REQUIREMENT -
When you reach the entries below, transcribe each one exactly as it stands.

+++ DATA FOR ANALYSIS +++

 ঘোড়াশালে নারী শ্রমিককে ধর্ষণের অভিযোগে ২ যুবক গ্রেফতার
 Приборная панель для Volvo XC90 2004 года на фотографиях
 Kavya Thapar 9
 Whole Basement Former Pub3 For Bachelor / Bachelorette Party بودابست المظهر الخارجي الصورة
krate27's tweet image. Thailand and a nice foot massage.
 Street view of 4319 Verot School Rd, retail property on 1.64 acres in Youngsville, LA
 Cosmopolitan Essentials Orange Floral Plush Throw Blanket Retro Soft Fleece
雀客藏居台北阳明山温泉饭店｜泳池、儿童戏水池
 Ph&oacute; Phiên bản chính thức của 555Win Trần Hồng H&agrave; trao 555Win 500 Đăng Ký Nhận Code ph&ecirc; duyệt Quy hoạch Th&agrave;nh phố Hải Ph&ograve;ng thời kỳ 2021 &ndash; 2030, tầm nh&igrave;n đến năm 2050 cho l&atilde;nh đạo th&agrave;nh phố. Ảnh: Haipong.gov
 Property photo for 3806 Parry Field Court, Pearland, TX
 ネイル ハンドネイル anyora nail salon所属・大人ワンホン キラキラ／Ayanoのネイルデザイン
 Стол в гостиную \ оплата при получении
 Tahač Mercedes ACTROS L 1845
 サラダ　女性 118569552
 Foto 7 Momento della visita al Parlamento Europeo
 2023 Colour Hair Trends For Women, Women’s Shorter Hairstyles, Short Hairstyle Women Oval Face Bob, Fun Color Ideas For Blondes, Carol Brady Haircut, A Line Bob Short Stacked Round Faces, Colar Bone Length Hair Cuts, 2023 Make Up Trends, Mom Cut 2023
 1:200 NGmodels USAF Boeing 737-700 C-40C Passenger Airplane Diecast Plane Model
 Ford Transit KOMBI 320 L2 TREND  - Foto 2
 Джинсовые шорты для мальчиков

+++

ANSWER TO THIS EXERCISE -
 ঘোড়াশালে নারী শ্রমিককে ধর্ষণের অভিযোগে ২ যুবক গ্রেফতার
 Приборная панель для Volvo XC90 2004 года на фотографиях
 Kavya Thapar 9
 Whole Basement Former Pub3 For Bachelor / Bachelorette Party بودابست المظهر الخارجي الصورة
krate27's tweet image. Thailand and a nice foot massage.
 Street view of 4319 Verot School Rd, retail property on 1.64 acres in Youngsville, LA
 Cosmopolitan Essentials Orange Floral Plush Throw Blanket Retro Soft Fleece
雀客藏居台北阳明山温泉饭店｜泳池、儿童戏水池
 Ph&oacute; Phiên bản chính thức của 555Win Trần Hồng H&agrave; trao 555Win 500 Đăng Ký Nhận Code ph&ecirc; duyệt Quy hoạch Th&agrave;nh phố Hải Ph&ograve;ng thời kỳ 2021 &ndash; 2030, tầm nh&igrave;n đến năm 2050 cho l&atilde;nh đạo th&agrave;nh phố. Ảnh: Haipong.gov
 Property photo for 3806 Parry Field Court, Pearland, TX
 ネイル ハンドネイル anyora nail salon所属・大人ワンホン キラキラ／Ayanoのネイルデザイン
 Стол в гостиную \ оплата при получении
 Tahač Mercedes ACTROS L 1845
 サラダ　女性 118569552
 Foto 7 Momento della visita al Parlamento Europeo
 2023 Colour Hair Trends For Women, Women’s Shorter Hairstyles, Short Hairstyle Women Oval Face Bob, Fun Color Ideas For Blondes, Carol Brady Haircut, A Line Bob Short Stacked Round Faces, Colar Bone Length Hair Cuts, 2023 Make Up Trends, Mom Cut 2023
 1:200 NGmodels USAF Boeing 737-700 C-40C Passenger Airplane Diecast Plane Model
 Ford Transit KOMBI 320 L2 TREND  - Foto 2
 Джинсовые шорты для мальчиков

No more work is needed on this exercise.